And the list goes on and on. Which of these spell restraint, awareness of the system or something wise? If we were reckless getting to this point, the administration responds with another form of recklessness getting out. The constant is a yearning for the halcyon days of but a few years ago (which having lived through were anything but) and the method of madness is to get into debt. Draw me a fine distinction, if you will, between 

(a) the worry free days of getting into debt during the housing bubble that has just revealed a chain of corruption, wheeling and dealing all the way from the mortgage officers right through Wall Street and into the books of government backed institutions such as Fannie Mae and Freddie Mac

(b) government enticing homebuyers with a credit and saddling them with homes the value of which they are certain would crater if they didn’t endeavor this way to get their citizenry into debt.
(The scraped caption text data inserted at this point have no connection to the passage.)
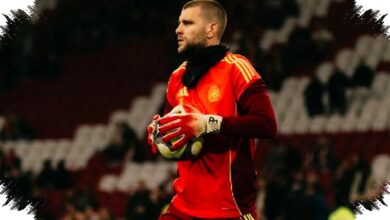 Ter Stegen ke Ajax, Maarten Paes Hadapi Saingan Baru di Bawah Mistar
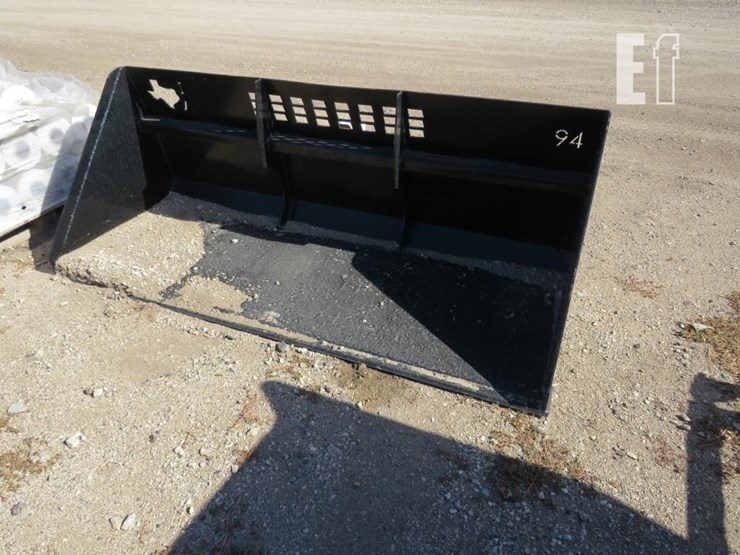 94''-snow-bucket-image-2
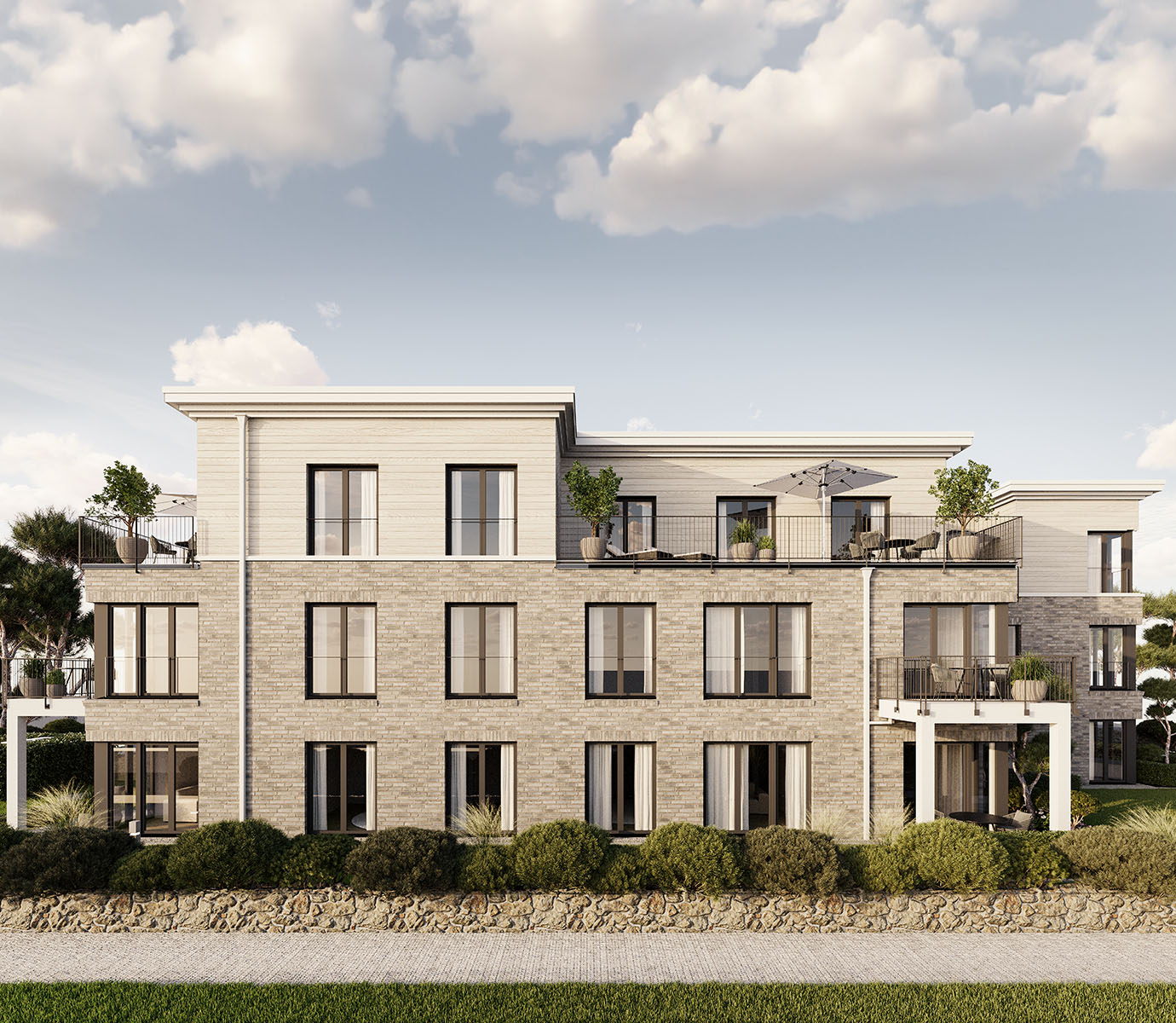 Balkongeländer mit Blick auf das Meer, rechts Hausfassade mit Fenstern.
Of course, if the home prices still declined, though at a lesser pace, we would revisit this same issue a few years later. 

In an insane world, if a bunch of guys were determinedly pouring water into a sinking ship, they would be keelhauled without delay. However, in this sane world, determined guys can pour more water into a sinking ship by pointing out that only then would the ship’s pumps be fully utilized. Furthermore, this is widely praised as distinguished public service.
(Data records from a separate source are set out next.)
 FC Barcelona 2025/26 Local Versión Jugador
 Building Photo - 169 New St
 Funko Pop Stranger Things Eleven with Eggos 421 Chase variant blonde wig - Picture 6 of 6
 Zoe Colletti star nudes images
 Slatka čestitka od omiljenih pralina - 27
So what then of the recovery, “V”, “U”, “L”, “W”. twenty two letters to go? To me, this is a “C” shaped recovery i.e. “Consumer” shaped recovery. I’m in the least concerned about the shape of the recovery. I’m more concerned about the consumer, the customer – the true end point of every supply chain. From my vantage point, talk about the shape of the recovery treats the consumer as the animal that he is (as in the repository of the animal spirit) – to be whipped onto the next treadmill of consumption and debt until he collapses.

And this is my contribution to the masters of the supply chain universe – if you can, for a minute, get away from the forecasts of recovery, and the talk of priming the supply chain pump, long lead times, weak dollar and what have you, and ask yourself – how is my customer dealing with a drawdown in credit lines, loss of equity in his home, chopped liver in his 401K.? In looking at the coverage of the consumer and businesses, we have gone from “Things are terrible” to “Things are bad”. However, now, I note an impatience to getting to “Things are great” while I’m expecting a “Things are not so bad” followed by “Things are Ok” followed by “Things are not so bad” followed by “Things are Ok”. The policy actions of this administration and the next would set the direction of that cycle in motion and there is every evidence that we’re gearing up for more spending, more debt, pressure from creditor nations and so on.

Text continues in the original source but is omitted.